BRIEF DESCRIPTION OF THE DRAWINGS
For a more complete understanding of the present invention, and the
advantages thereof, reference is now made to the following
descriptions taken in conjunction with the accompanying drawings,
in which:
FIG. 1 depicts a conventional drilling rig on which exemplary
embodiments of the present invention may be utilized.
FIG. 2 depicts an isometric view of one exemplary embodiment of a
drilling system in accordance with the present invention.
FIGS. 3A and 3B (collectively FIG. 3) depict longitudinal cross
sectional views of a tool body portion of the exemplary embodiment
depicted on FIG. 2.
FIG. 4 depicts an isometric view of a drill bit portion of the
exemplary embodiment depicted on FIG. 2.
FIGS. 5A and 5B (collectively FIG. 5) depict side and bottom views
of the exemplary embodiment shown on FIG. 2.

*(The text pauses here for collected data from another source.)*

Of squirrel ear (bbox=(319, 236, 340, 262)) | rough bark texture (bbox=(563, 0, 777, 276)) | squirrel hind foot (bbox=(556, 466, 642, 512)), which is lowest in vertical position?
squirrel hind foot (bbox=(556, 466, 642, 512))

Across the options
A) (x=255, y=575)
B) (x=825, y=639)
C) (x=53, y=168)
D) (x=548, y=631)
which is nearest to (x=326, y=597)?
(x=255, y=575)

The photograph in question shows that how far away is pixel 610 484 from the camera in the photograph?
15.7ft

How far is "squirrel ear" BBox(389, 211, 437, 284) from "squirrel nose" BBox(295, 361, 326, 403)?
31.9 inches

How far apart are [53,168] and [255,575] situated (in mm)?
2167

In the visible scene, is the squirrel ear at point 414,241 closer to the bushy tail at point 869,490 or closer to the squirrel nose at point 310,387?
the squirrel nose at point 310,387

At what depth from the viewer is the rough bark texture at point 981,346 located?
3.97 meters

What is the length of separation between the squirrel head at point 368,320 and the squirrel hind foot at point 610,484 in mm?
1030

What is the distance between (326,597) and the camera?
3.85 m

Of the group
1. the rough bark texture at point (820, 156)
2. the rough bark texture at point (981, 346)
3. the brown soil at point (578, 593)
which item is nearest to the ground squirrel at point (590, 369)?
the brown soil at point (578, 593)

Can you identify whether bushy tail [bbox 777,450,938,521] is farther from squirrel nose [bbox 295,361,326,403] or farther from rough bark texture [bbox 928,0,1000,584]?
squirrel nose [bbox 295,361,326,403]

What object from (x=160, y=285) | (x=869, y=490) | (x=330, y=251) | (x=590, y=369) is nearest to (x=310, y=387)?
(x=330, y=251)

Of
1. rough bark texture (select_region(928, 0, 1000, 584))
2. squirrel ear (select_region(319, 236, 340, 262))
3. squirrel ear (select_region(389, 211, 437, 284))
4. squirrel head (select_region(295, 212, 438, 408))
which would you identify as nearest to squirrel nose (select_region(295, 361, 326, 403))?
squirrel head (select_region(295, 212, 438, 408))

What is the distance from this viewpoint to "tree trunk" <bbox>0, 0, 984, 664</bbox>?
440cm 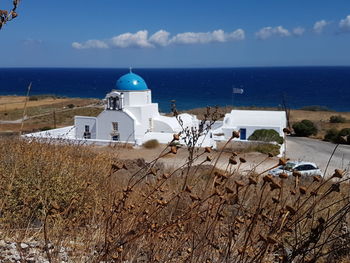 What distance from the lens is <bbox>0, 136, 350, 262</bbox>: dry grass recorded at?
2.21 m

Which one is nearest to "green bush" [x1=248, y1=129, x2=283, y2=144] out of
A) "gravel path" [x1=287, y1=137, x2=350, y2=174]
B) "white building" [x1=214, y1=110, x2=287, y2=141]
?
"white building" [x1=214, y1=110, x2=287, y2=141]

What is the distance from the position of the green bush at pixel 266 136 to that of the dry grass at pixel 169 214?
20.6 meters

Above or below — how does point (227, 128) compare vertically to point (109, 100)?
below

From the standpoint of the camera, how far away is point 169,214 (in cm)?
409

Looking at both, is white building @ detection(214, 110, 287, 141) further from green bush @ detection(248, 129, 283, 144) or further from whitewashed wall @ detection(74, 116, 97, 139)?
whitewashed wall @ detection(74, 116, 97, 139)

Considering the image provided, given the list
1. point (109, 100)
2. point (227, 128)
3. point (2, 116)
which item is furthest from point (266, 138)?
point (2, 116)

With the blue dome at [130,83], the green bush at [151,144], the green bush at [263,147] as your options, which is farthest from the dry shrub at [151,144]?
the blue dome at [130,83]

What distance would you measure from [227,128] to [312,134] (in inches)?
434

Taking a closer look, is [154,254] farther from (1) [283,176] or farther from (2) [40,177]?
(2) [40,177]

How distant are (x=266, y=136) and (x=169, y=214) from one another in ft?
80.4

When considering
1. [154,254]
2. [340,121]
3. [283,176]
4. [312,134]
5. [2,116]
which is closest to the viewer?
[283,176]

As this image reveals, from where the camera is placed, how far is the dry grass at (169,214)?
7.27ft

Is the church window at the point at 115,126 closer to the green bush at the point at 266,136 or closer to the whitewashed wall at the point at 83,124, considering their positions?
the whitewashed wall at the point at 83,124

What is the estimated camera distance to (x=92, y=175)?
635 centimetres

FIGS. 6A and 6B (collectively FIG. 6) depict longitudinal cross
sectional views as shown on FIG. 5B.
FIGS. 7A, 7B, and 7C (collectively FIG. 7) depict circular cross
sectional views as shown on FIG. 5A.
FIG. 8 depicts an exploded view of the tool body portion of an
alternative embodiment in accordance with the present
invention.
FIGS. 9A and 9B (collectively FIG. 9) depict longitudinal cross
sectional views of a portion of the tool body depicted on FIG.
8.
FIG. 10 depicts an isometric view of one alternative embodiment of
a drilling system in accordance with the present invention.
FIG. 11 depicts an isometric view of another alternative embodiment
of a drilling system in accordance with the present invention.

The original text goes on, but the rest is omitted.